**BRIEF**
Everything in the records below from the line containing "A well-maintained bedroom" through the line containing "Back view of" is to be reproduced exactly, those two lines included; no picture is to be copied.

**RECORDS SUPPLIED**
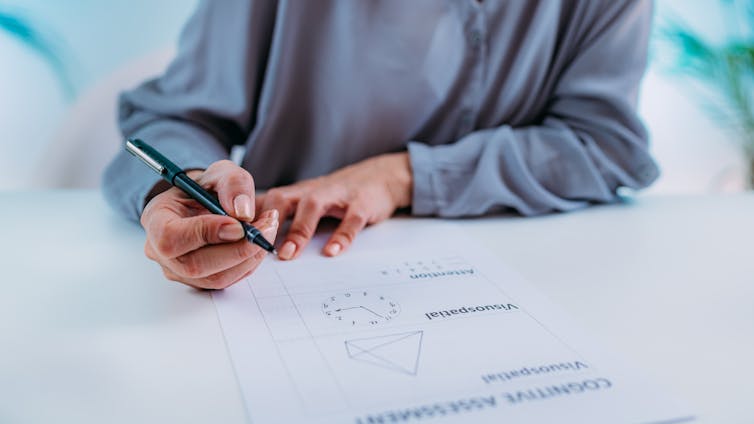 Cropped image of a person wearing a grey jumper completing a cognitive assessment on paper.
* * *
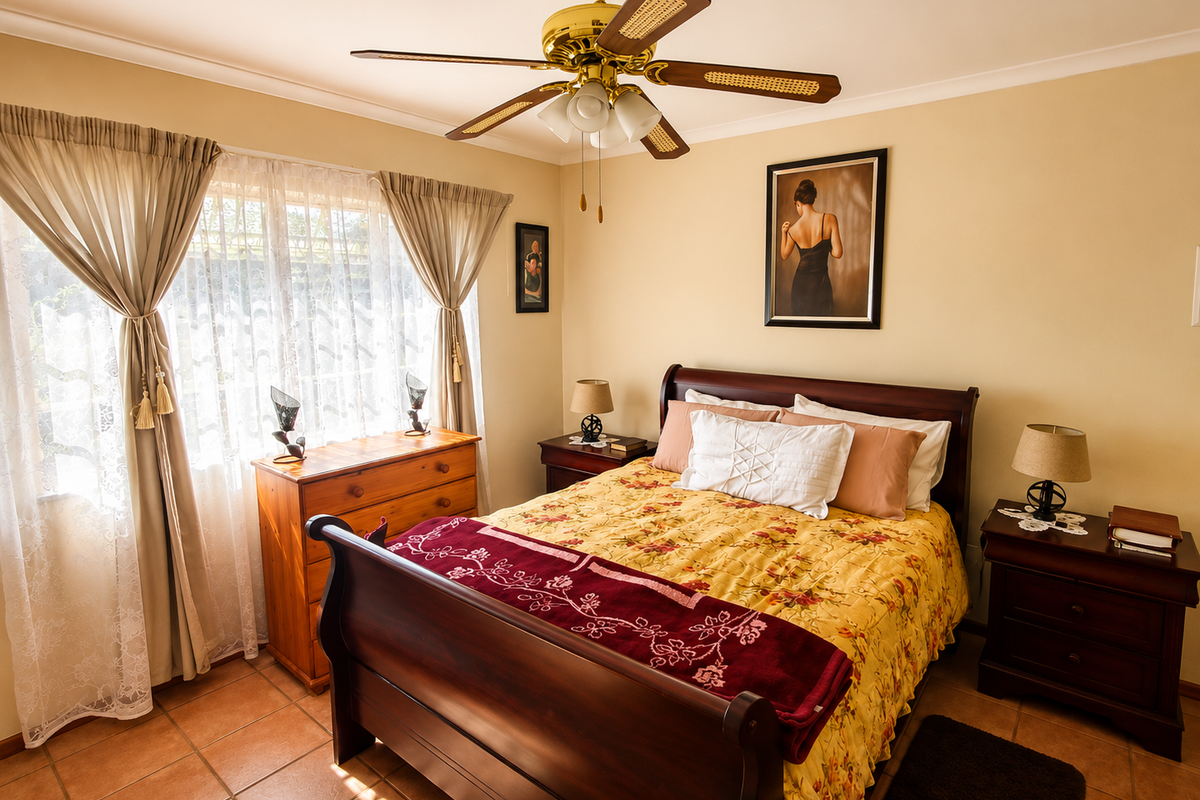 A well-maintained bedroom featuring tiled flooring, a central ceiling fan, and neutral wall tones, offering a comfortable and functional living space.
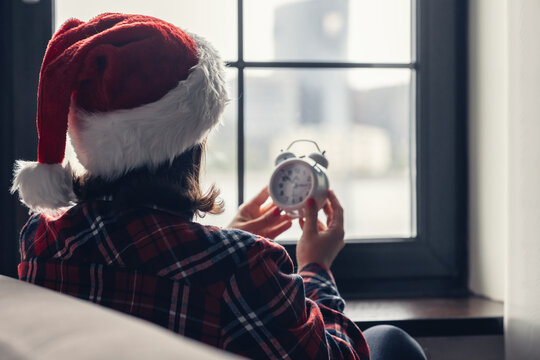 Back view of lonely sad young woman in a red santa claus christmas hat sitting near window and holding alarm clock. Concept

**REPLY**
 A well-maintained bedroom featuring tiled flooring, a central ceiling fan, and neutral wall tones, offering a comfortable and functional living space.
 Back view of lonely sad young woman in a red santa claus christmas hat sitting near window and holding alarm clock. Concept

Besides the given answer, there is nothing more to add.